Rating: Summary: Narcissism on the rocks. Review: Thought this would be an introspective naturalist's commentary on kayaking in the wild of the Great Lakes. Sharing it with my women friends, they confirmed my judgement that the book is only one woman's whine about her self-absorption. Having help to pay for her needed therapy, I can only hope that the paper is recyclable. At least I didn't suffer a marriage to her as did one poor soul. Don't drown in this one.
Rating: Summary: 227 pages of self pity. Review: Warning: This is not a book about kayaking. This is a book about self pity and a woman whose personal life was screwed up. She writes page after page about how tired and cold she is. If she was so worried about being tired and cold why is she trying to circumnavigate Lake Superior? If you want a book written from a woman's perspective, buy "Baja By Canoe" by Valerie Fons instead.
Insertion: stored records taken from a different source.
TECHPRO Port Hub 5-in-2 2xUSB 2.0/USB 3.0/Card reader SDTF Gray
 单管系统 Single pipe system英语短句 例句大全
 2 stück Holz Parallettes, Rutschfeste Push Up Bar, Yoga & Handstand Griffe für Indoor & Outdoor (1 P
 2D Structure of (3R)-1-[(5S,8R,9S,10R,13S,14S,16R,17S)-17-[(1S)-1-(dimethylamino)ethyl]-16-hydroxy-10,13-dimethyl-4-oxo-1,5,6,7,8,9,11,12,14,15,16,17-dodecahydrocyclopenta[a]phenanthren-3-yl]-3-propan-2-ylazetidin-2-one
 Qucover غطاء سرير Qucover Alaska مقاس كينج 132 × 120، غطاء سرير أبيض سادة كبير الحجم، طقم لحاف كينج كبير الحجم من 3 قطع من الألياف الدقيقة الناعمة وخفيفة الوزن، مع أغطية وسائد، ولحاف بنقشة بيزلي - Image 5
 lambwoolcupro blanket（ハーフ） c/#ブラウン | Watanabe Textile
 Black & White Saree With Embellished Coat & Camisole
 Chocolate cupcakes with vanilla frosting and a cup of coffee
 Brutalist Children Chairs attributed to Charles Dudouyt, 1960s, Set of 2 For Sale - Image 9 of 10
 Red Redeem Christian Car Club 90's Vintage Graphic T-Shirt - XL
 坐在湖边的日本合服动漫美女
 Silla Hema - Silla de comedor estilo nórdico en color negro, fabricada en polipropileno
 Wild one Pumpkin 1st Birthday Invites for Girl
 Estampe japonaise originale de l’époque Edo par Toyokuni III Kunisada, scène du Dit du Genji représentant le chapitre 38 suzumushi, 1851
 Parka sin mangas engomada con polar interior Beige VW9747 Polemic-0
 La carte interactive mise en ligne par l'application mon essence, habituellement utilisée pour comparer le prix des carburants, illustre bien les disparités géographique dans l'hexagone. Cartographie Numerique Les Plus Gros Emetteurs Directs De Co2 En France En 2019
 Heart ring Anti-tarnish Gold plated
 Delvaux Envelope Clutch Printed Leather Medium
Rating: Summary: An interesting, worth-reading book. Shoulda' been better. Review: What a setting for a story - a woman (and extraordinary athlete) circumnavigating Lake Superior in a kayak while dealing with a mid-life crisis! Too bad it's not as good as it could have been. Briefly, it is flawed by egocenticity, redundancy in the descriptions of predictable lake conditions, a dearth (well, at least not enough) of the natural wonders of the lake, a level of mysticism that invites scoffing, and lack of clarity of what created her resolutions. One might suspect two things: the trip was being made partly to provide the basis of a book, and she had mostly made up her mind about her crisis before she left - just needed time and an absence to screw up her courage. Sadly, part of the her mid-life crisis decision involved two bright children. I happen to think parenting is the single most important obligation we have in life. There was apparently no regard (at least not mentioned in the book) about what happens to the children of divorced parents. Especially a divorce from what appeared to be an educated, steady, professional, responsible and lenient guy most women would kill for. Apparently, the chidren's sake took second fiddle to the stifling "vanilla" of her husband. We can only hope her decisons made her happy.